Lightroom only uses the ProPhotoRGB color space and this is assigned by ACR when the RAW data id converted to an RGB image.  Forget about trying to make everything sRGB  That color space has too small of an envelope. In the diagram below are triangles that represent the limits of each color space.  Any color outside the sRGB envelop will not be present in any image file that is limited to that color space.   AS you can see the ProPhotoRGB color space is encompassing the most color values.   If your editor is limited to sRGB, then any computation that generated a color value outside of the sRGB colorspace will have this colors compromised to a color value on the colorspace boundary.

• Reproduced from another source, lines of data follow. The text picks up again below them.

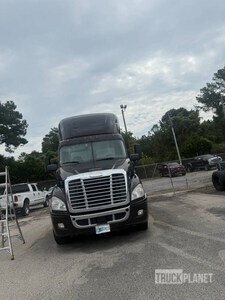 2016 Freightliner Cascadia S/A Day Cab Truck Tractor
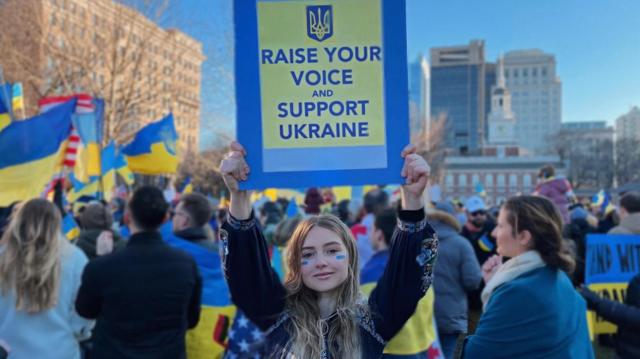 «Я увидела свое лицо». Как ИИ сделал из украинки россиянку и использовал ее для рекламы России в Китае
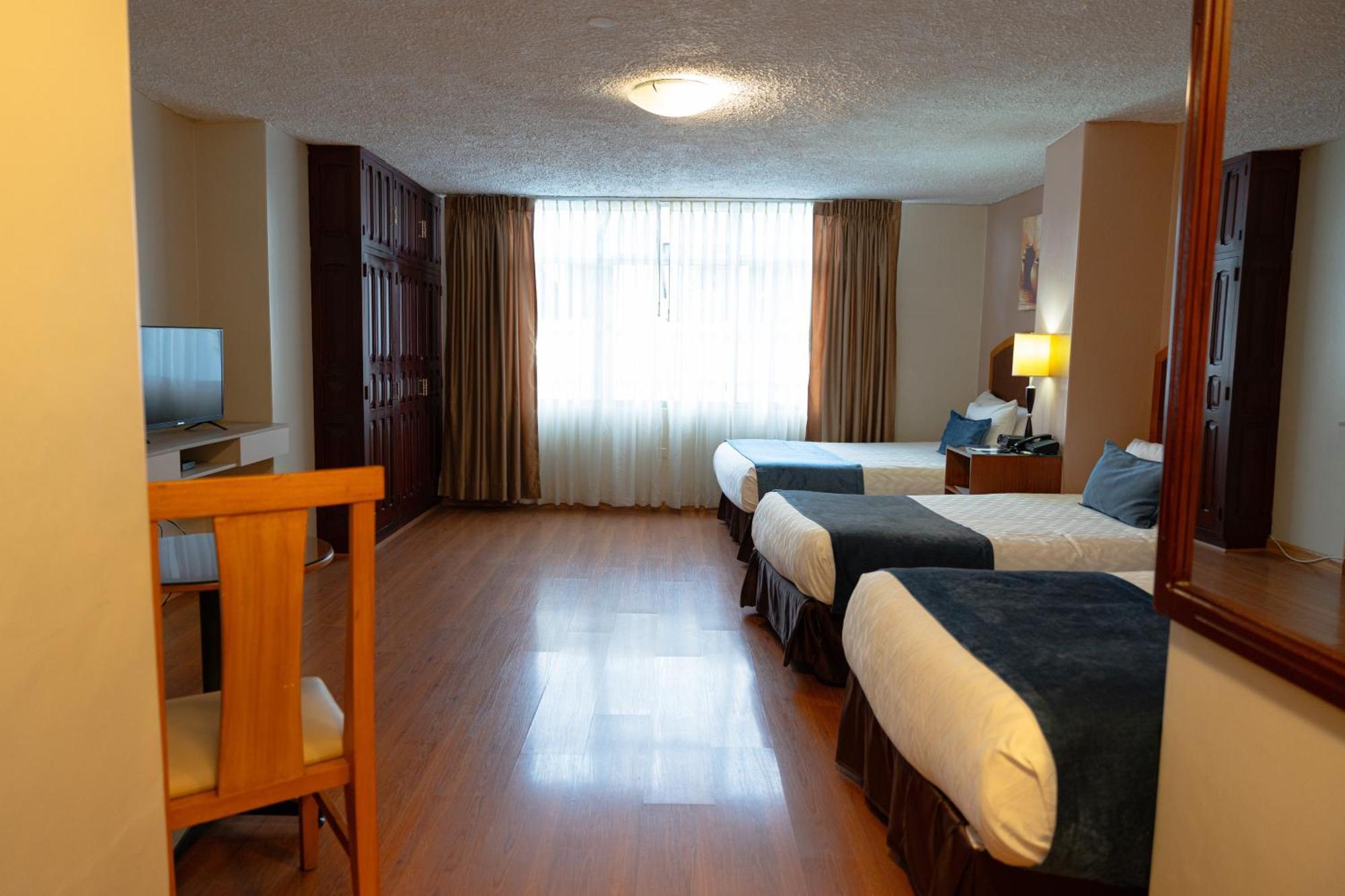 Hotel Santa Monica Cuenca Dış mekan fotoğraf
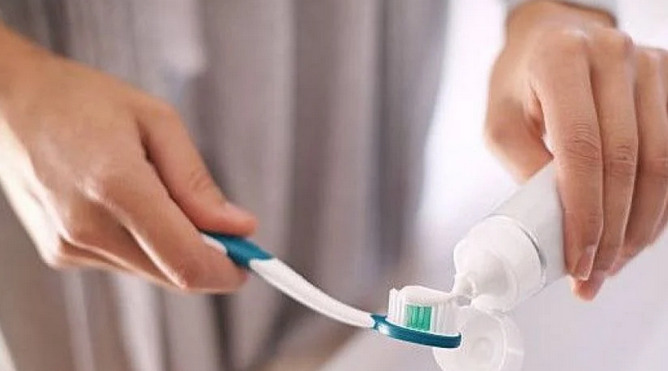 Prirodna pasta za zube: Potrebna su vam ova četiri sastojka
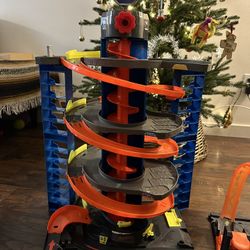 Hot Wheels City 50 Mega Garage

If you have the same version of ACR in both LR and PS and process the same RAW image in PSCC, then you will get the same result as long as you are using the ProPhotoRGB colorspace through out. 

You need to be consistent with the colorspace that you used. ProPhotoRGB is what LRCC is going to use  and ACR will convert your RAW data to a ProPhotoRGB image when it is converted to RGB.  Next after processing  in LR you will used the Edit-In function to pass the image converted by ACR and the Adjustments made in LRCC to PSCC. When you do this you will *not* even see the dialog that Gnits shows.





 At this point your PSCC image will look identical to the image that you see in LR *if* you use the same ProPhotoRGB colorspace in PSCC.
If it does not, then there are other issues outside of LRCC & PSCC that affect your display.
Your LightroomForums profile say that you are at LR version LRCC2015.0.  You *must* be on the latest revision LRCC2015.6.1.  Earlier versions of LR6/LRCC2015.x are full of some serious bugs and need to be updated.  If you are indeed running LRCC2015.0 then this can be the source of much of your angst.  Your PSCC version needs to be 2015.5.1 to be fully compatible with the same version of ACR that is found in LRCC.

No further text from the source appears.